Wer sich wissenschaftlich mit „Landhäuser im Wandel“ befassen
will, erhält auf
einer Unterseite eine kleine Literaturliste als Starthilfe, die
sowohl
Publikationen aus dem Forschungsprojekt aufnimmt, als auch
deutsch- und
englischsprachige Titel zu verschiedenen Aspekten aufgreift.
Weiterführende
Links führen zu schwedischen und dänischen Webseiten, die der
Country-house-Forschung gewidmet sind. Scrollt man auf den
Unterseiten zu den
Räumen weiter, folgt nach den Perspektiven ein knappes
informatives Fazit zum
Wandel der einzelnen Räume im Landhaus und ihren Funktionen. Zudem
werden die
Nutzer/innen aufgefordert vor dem Hintergrund des neu erworbenen
oder
vertieften Wissens, selbst Position zu beziehen. Hier vermischen
sich auf
gelungene Weise Information und Unterhaltung.
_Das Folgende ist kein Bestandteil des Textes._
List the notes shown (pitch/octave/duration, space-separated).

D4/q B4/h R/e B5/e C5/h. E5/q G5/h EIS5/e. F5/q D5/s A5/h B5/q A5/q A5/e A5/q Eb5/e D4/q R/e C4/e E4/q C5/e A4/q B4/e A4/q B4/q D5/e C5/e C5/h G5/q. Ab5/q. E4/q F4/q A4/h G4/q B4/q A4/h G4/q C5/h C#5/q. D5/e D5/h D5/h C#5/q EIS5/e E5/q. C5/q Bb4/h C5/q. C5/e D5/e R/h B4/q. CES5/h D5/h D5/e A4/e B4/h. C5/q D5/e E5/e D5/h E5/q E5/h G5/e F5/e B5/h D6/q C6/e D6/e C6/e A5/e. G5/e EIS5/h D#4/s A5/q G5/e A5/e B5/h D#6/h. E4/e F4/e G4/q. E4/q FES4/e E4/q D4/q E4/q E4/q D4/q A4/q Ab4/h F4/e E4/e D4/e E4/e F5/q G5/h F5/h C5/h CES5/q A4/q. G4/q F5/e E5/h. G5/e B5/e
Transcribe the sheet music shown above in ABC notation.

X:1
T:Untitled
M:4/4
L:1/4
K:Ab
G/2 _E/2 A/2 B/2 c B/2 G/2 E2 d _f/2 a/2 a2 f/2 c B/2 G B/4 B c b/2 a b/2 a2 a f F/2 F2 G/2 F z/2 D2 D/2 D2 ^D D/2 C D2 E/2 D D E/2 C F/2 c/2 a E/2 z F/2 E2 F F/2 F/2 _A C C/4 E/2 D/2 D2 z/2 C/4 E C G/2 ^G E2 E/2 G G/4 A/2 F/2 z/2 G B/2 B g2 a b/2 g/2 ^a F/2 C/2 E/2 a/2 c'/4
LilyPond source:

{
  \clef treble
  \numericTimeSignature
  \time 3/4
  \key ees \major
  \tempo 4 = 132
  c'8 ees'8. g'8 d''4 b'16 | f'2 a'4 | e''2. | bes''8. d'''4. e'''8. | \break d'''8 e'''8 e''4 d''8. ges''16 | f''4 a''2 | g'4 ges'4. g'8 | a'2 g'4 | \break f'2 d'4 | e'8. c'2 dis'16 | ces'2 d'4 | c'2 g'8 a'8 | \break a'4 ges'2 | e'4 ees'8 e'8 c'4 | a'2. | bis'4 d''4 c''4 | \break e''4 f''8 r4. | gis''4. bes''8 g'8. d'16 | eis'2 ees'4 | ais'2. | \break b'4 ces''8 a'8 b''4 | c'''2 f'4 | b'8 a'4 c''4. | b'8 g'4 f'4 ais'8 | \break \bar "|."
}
Ein größeres Manko der ansprechenden Webseite stellen
browserbedingte
Anzeigefehler dar: Auf mehreren Unterseiten zu einzelnen Räumen
bricht bei
Nutzung von Firefox und Microsoft Edge der Text mitten im Satz ab,
während die
Anzeige mit Chrome bestens funktioniert. Ein Hinweis auf der
Startseite zur
Kompatibilität der Webseite mit entsprechenden Browsern wäre ein
wichtiger,
notwendiger Hinweis.
Insgesamt bietet die digitale Ausstellung „Landhäuser im Wandel“ –
trotz der
angesprochenen Einschränkungen – eine einfach und intuitiv
navigierbare, in
medialer Hinsicht ansprechende optische Umsetzung sowie
abwechslungsreiche
Präsentation. Inhaltlich überzeugt die digitale Ausstellung, indem
das Programm
des Forschungsprojekts „Landhäuser im Wandel“ zielgruppenadäquat
dargestellt
wird und es gelingt, verschiedene Forschungsfelder, -ansätze und
aktuellere
Debatten einem breiteren geschichtsinteressierten Publikum zu
vermitteln.
Anmerkungen:
[1] Vgl. Ewald Frie u. a.,
Landhäuser im Wandel.
Gesellschaftliche Transformation in deutschen Regionen, 18.–20.
Jahrhundert, https://uni-tuebingen.de/fakultaeten/philosophische-fakultaet/fachbereiche/geschichtswissenschaft/seminareinstitute/neuere-geschichte/personen/lehrstuhl-frie/landhaeuser-im-wandel/#c599899
(02.12.2021).
[2] Vgl. exemplarisch Danish
Research Centre for
Manorial Studies: European Network for Country House and Estate
Research, https://encounter.network/
(02.12.2021).
[3] Frie u. a., Landhäuser.
Zitation
Alexandra Schäfer-Griebel: Rezension zu: Digitale Ausstellung:
Landäuser im
Wandel, in: H-Soz-Kult, 18.12.2021, <www.hsozkult.de/webreview/id/rezwww-209>.